4. It always goes both ways.
A network goes in multiple directions. When you connect with other people, they always connect with you. As part of a network, you are always giving as well as getting. This point may seem completely counter-intuitive when you, as an unemployed student, reach out to established professionals, but it’s still true. Alumni mentors frequently mention things they learn from the students they talk to — insights into the entry-level end of their industry, information about how Gen-Z interacts with media, a better understanding of how college has changed. Most people like talking about themselves and sharing their hard-won expertise. When you listen closely to someone (and even more when you let them know that what they’re telling you is going to make a difference in your life), you are giving them something.
You, too, have connections. Sooner than you think, it will occur to you that your roommate’s parents work in a field that your other friend is curious about, or that your classmate might be a great candidate for the internship you just completed. You may come to realize that your friend might be more interested in your networking contact’s career path than you are — and you can help bring them together.
5. It all counts.
The world is full of interesting people doing all kinds of important things. The more opportunities you have to connect with people, hear their stories, ask for their insight, the bigger your world becomes. Every conversation will help you better understand what is out there. You are going to grow and change (and so will the people you talk to) and it’s impossible to game which connections will matter and which ones won’t.
- Brainstorm a list of all the people you know who might be interesting to talk to about their work: family members, friends, former work supervisors, people you worked with on service or volunteer projects, acquaintances.

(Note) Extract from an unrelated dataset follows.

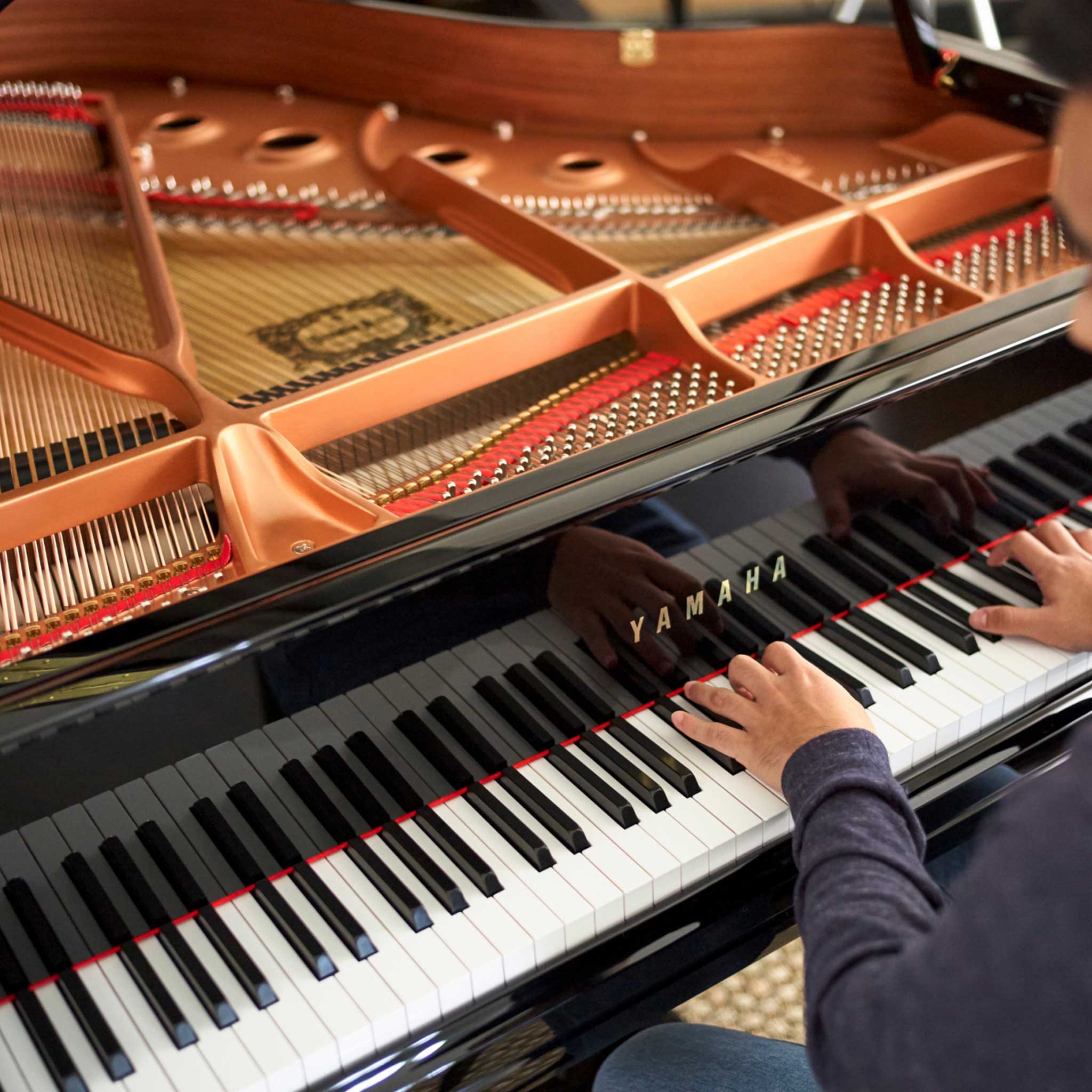 Yamaha GC1 Enspire schwarz poliert mit Spieler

- Make a mental list of the careers, industries, fields, that you would like to know more about. LinkedIn can be a great way to identify potential contacts.
- Email people you’d like to talk to. Our guide to writing cold emails can help.

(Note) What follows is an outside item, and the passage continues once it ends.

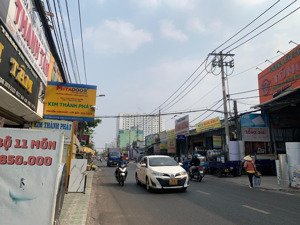 cho thuê nhà mặt tiền bình long gần ngã tư bốn xã, dt: 21x50m, tổng 1600m2 sàn, giá 200tr/tháng!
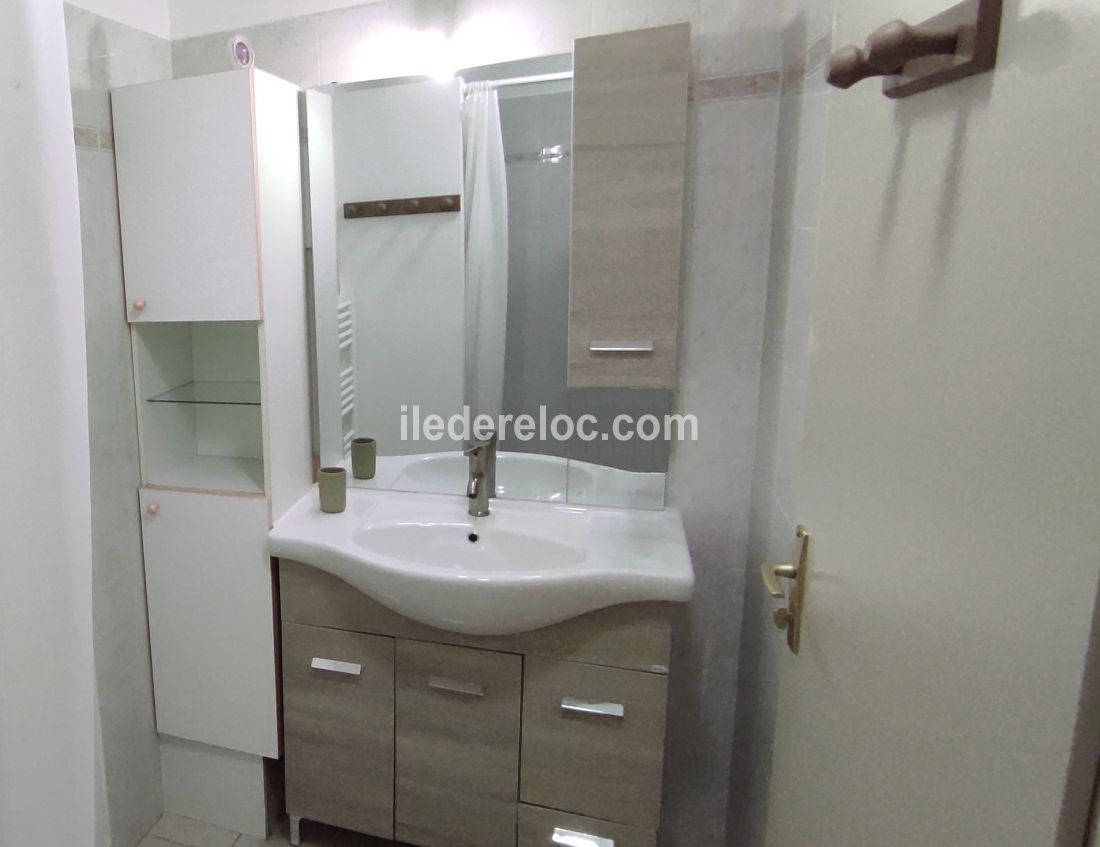 Photo 33: An accomodation located in Le Bois-Plage-en-R&eacute; on ile de R&eacute;.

- The initial scheduled conversation that you have with people you reach out to is what the experts call an informational interview. If all you come away with is information, then that’s what it was. If it’s the beginning of an ongoing connection, then it was networking.
- Talking to a family member or friend about their job (particularly when you’ve never done so before) can be a great way to practice — even if their career isn’t one that interests you.